Directions for this task » An exact copy is needed of the lines from the one that contains "Poster brush strokes" through the final line of the data below, with pictures left out.
┌─ Input data
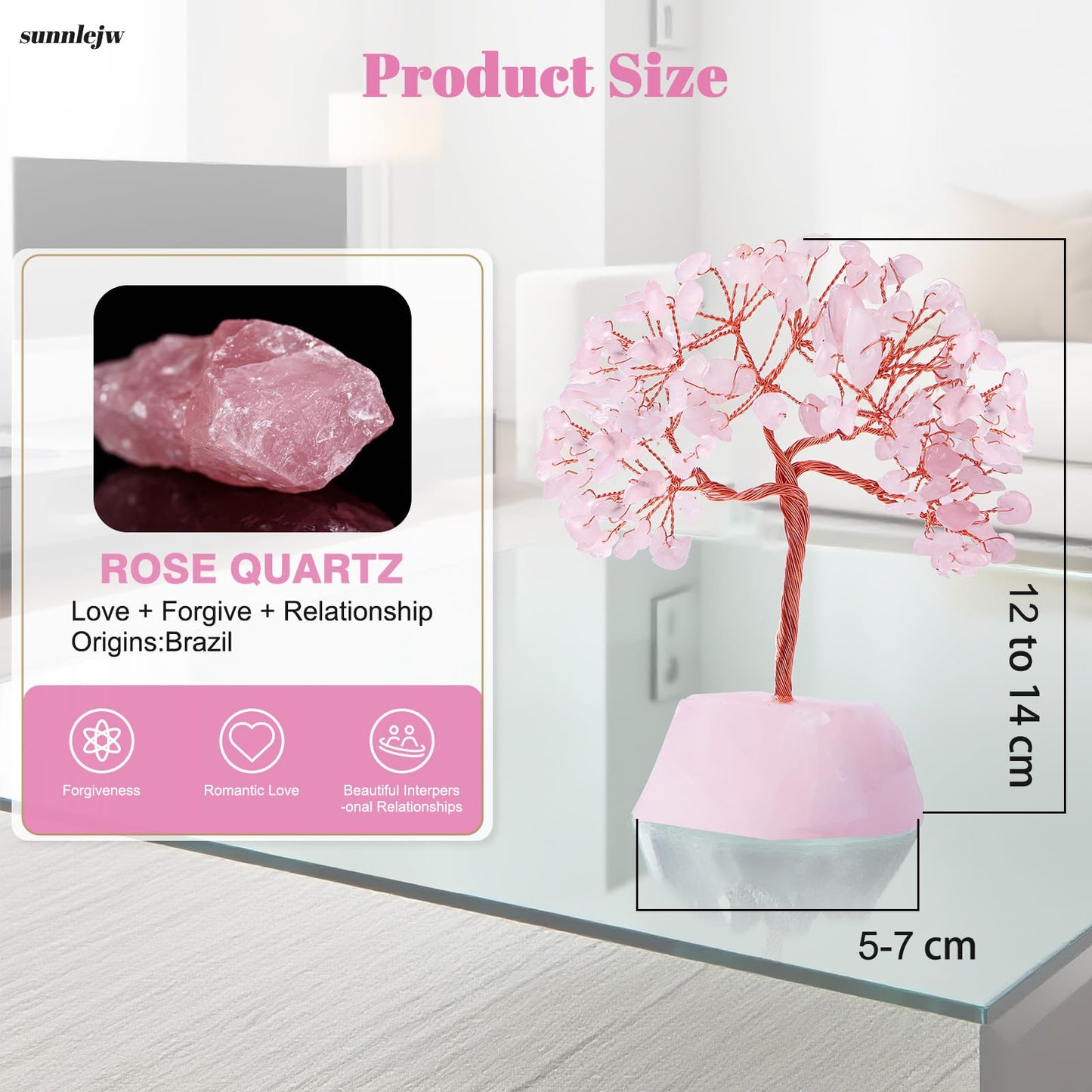 Sunnlejw Rose Quartz Crystal Tree of Life, Chakra Tree Gifts for Women Pink Room Decorations,Crystals and Healing Stones Reiki Positive Energy, Feng Shui Office Desk Decor Meditation Pink Crystal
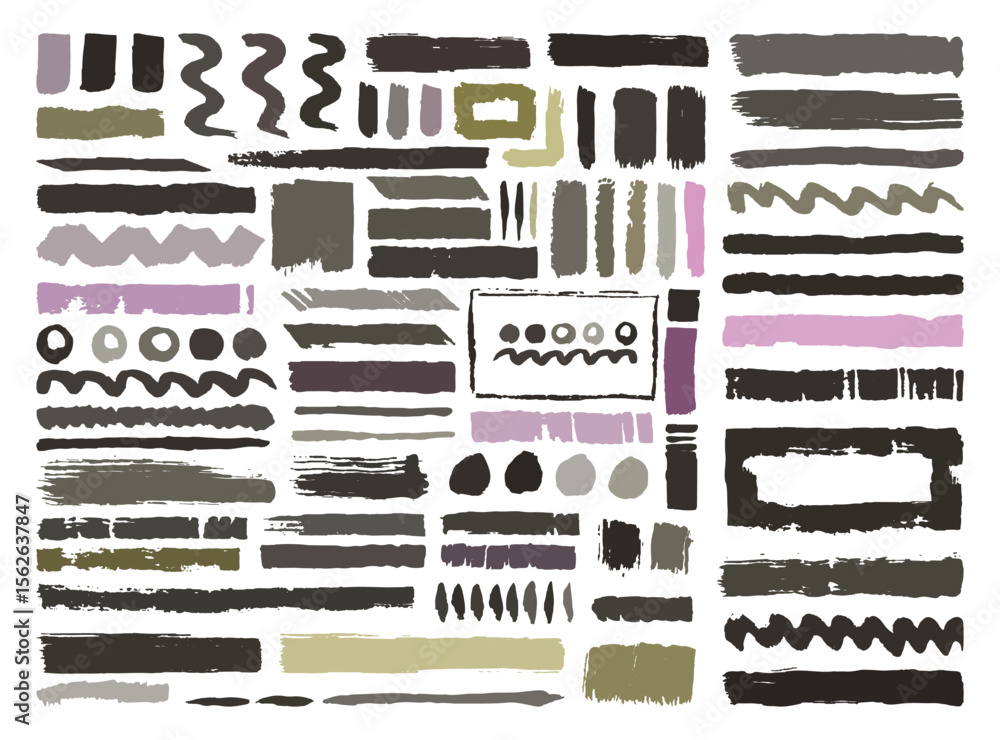 Poster brush strokes and shapes in various colors rectangle zigzag circle line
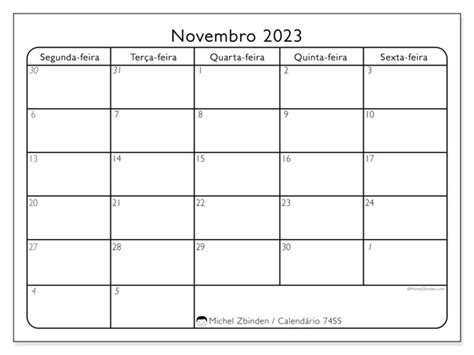 Calendário De Novembro De 2023 Para Imprimir 54sd Michel Mobile Legends
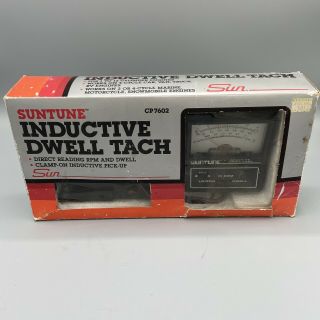 Vintage Suntune Inductive Dwell Tach Cp7602 Direct Reading Rpm Dwell 1980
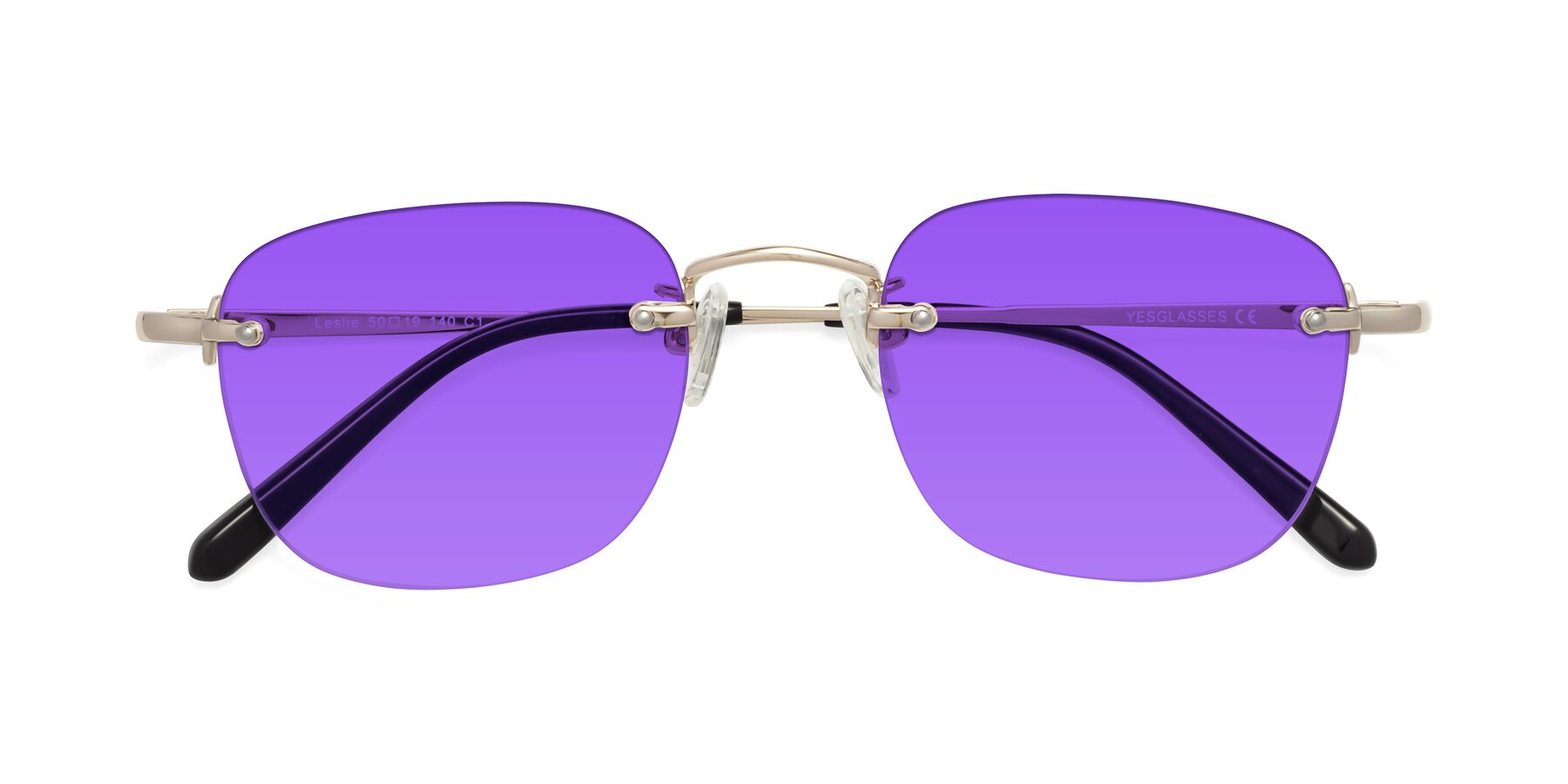 Folded Front of Leslie in Light Gold with Purple Tinted Lenses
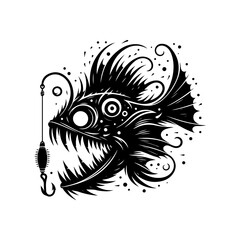 A mysterious silhouette of an anglerfish with a glowing lure and sharp toothy mouth, deep-sea theme.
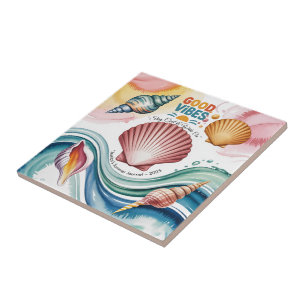 Azulejo De Cerâmica Ilustração da Praia Retro da Summer Vibes
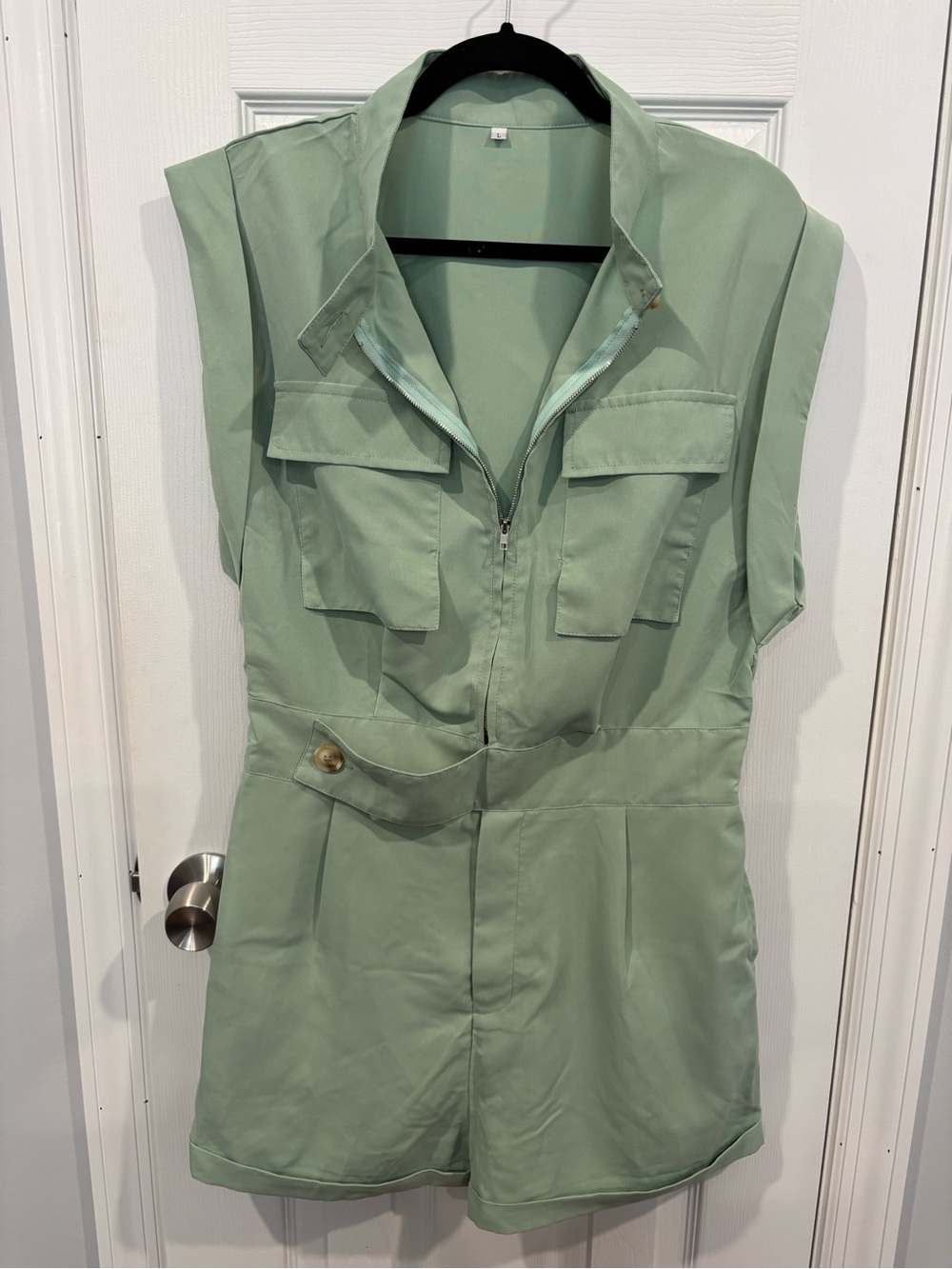 Sleeveless Utility Romper in Light Mint
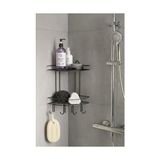 Frefly Store Sas Haus Banyo Köşe Rafı Askılı Duş Organizeri ve Şampuanlık 2 Katlı Siyah Ek-02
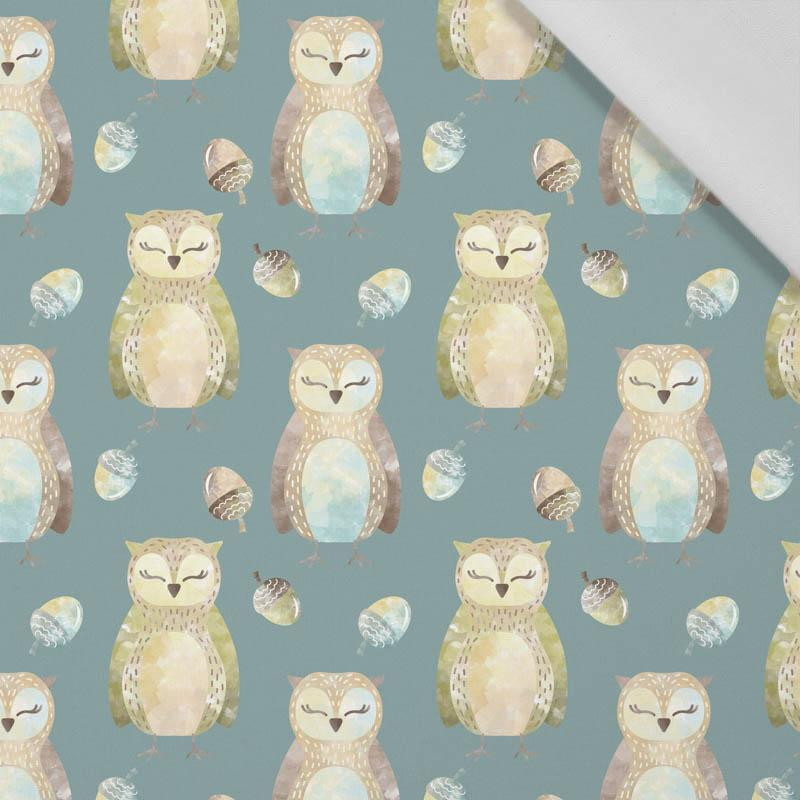 OWLS AND ACORNS (FOREST ANIMALS) - Cotton woven fabric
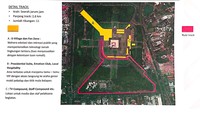 Terlihat sirkuit Formula E melewati bagian dalam Monas. Terlihat sirkuit menggunakan trek lurus panjang di Jalan Merdeka Selatan. Lalu berbelok ke kanan masuk area silang Monas dekat patung Arjuna Wijaya. Di area silang monas sepertinya akan dilakukan modifikasi trek sehingga mobil Formula E bisa berputar balik di dalamnya. Dari sisi selatan silang monas, mobil diarahkan ke luar kembali ke Merdeka Selatan. Foto: Ist.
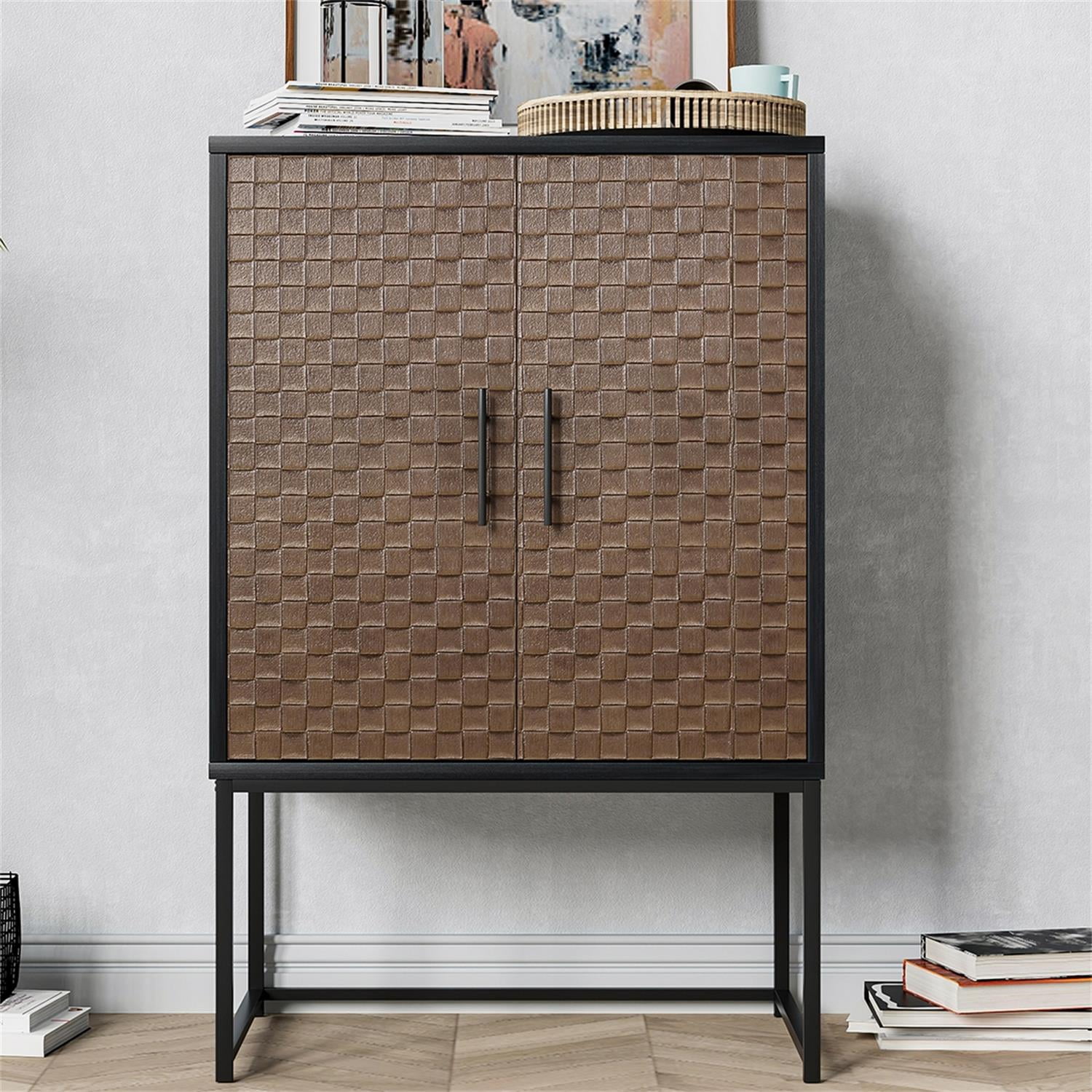 Kepooman 2 Door Storage Cabinet, Sideboard Buffet Cabinet for Kitchen with Door, Black Brown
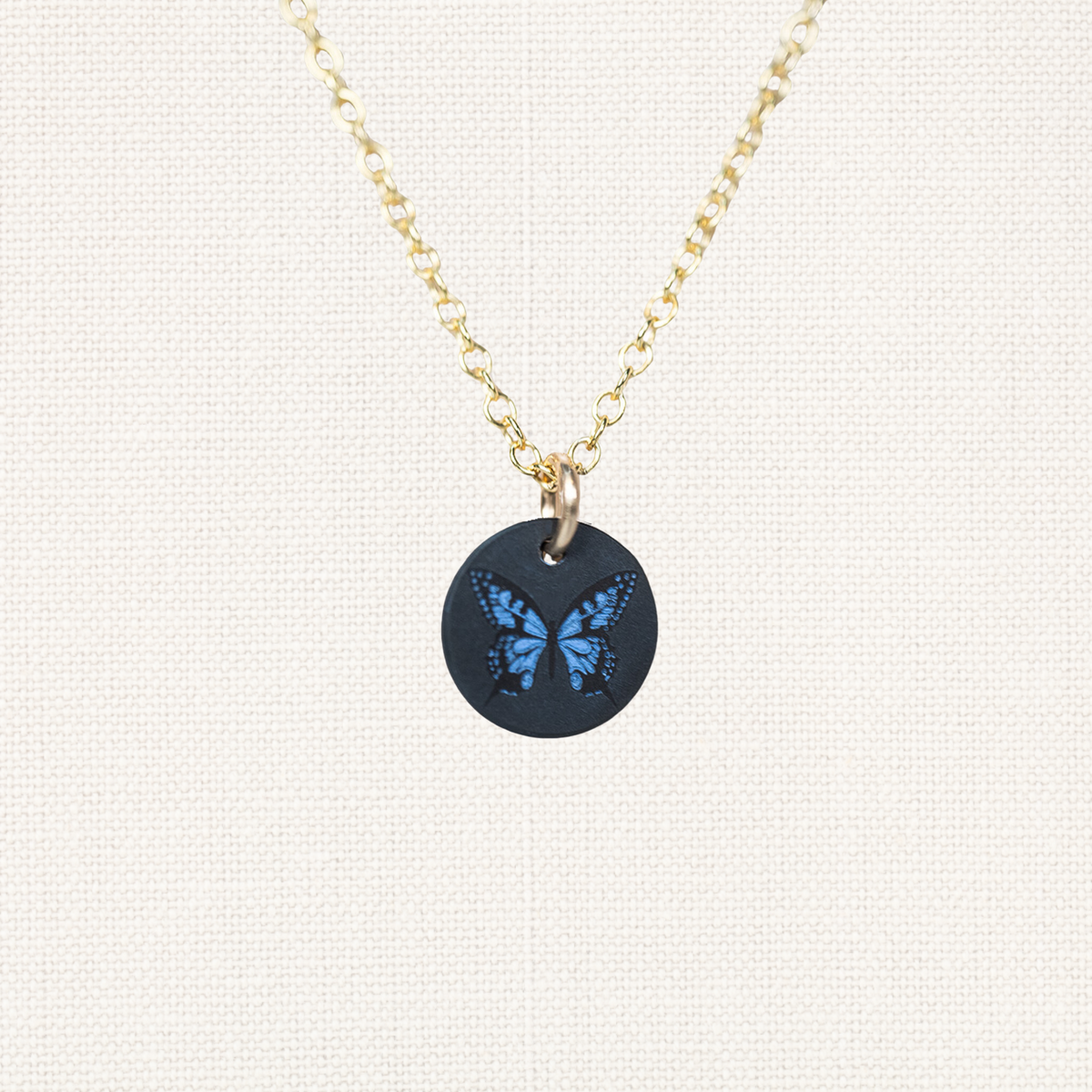 10MM Solid Black Diamond Butterfly Pendant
└─
Written solution »
 Poster brush strokes and shapes in various colors rectangle zigzag circle line
 Calendário De Novembro De 2023 Para Imprimir 54sd Michel Mobile Legends
 Vintage Suntune Inductive Dwell Tach Cp7602 Direct Reading Rpm Dwell 1980
 Folded Front of Leslie in Light Gold with Purple Tinted Lenses
 A mysterious silhouette of an anglerfish with a glowing lure and sharp toothy mouth, deep-sea theme.
 Azulejo De Cerâmica Ilustração da Praia Retro da Summer Vibes
 Sleeveless Utility Romper in Light Mint
 Frefly Store Sas Haus Banyo Köşe Rafı Askılı Duş Organizeri ve Şampuanlık 2 Katlı Siyah Ek-02
 OWLS AND ACORNS (FOREST ANIMALS) - Cotton woven fabric
 Terlihat sirkuit Formula E melewati bagian dalam Monas. Terlihat sirkuit menggunakan trek lurus panjang di Jalan Merdeka Selatan. Lalu berbelok ke kanan masuk area silang Monas dekat patung Arjuna Wijaya. Di area silang monas sepertinya akan dilakukan modifikasi trek sehingga mobil Formula E bisa berputar balik di dalamnya. Dari sisi selatan silang monas, mobil diarahkan ke luar kembali ke Merdeka Selatan. Foto: Ist.
 Kepooman 2 Door Storage Cabinet, Sideboard Buffet Cabinet for Kitchen with Door, Black Brown
 10MM Solid Black Diamond Butterfly Pendant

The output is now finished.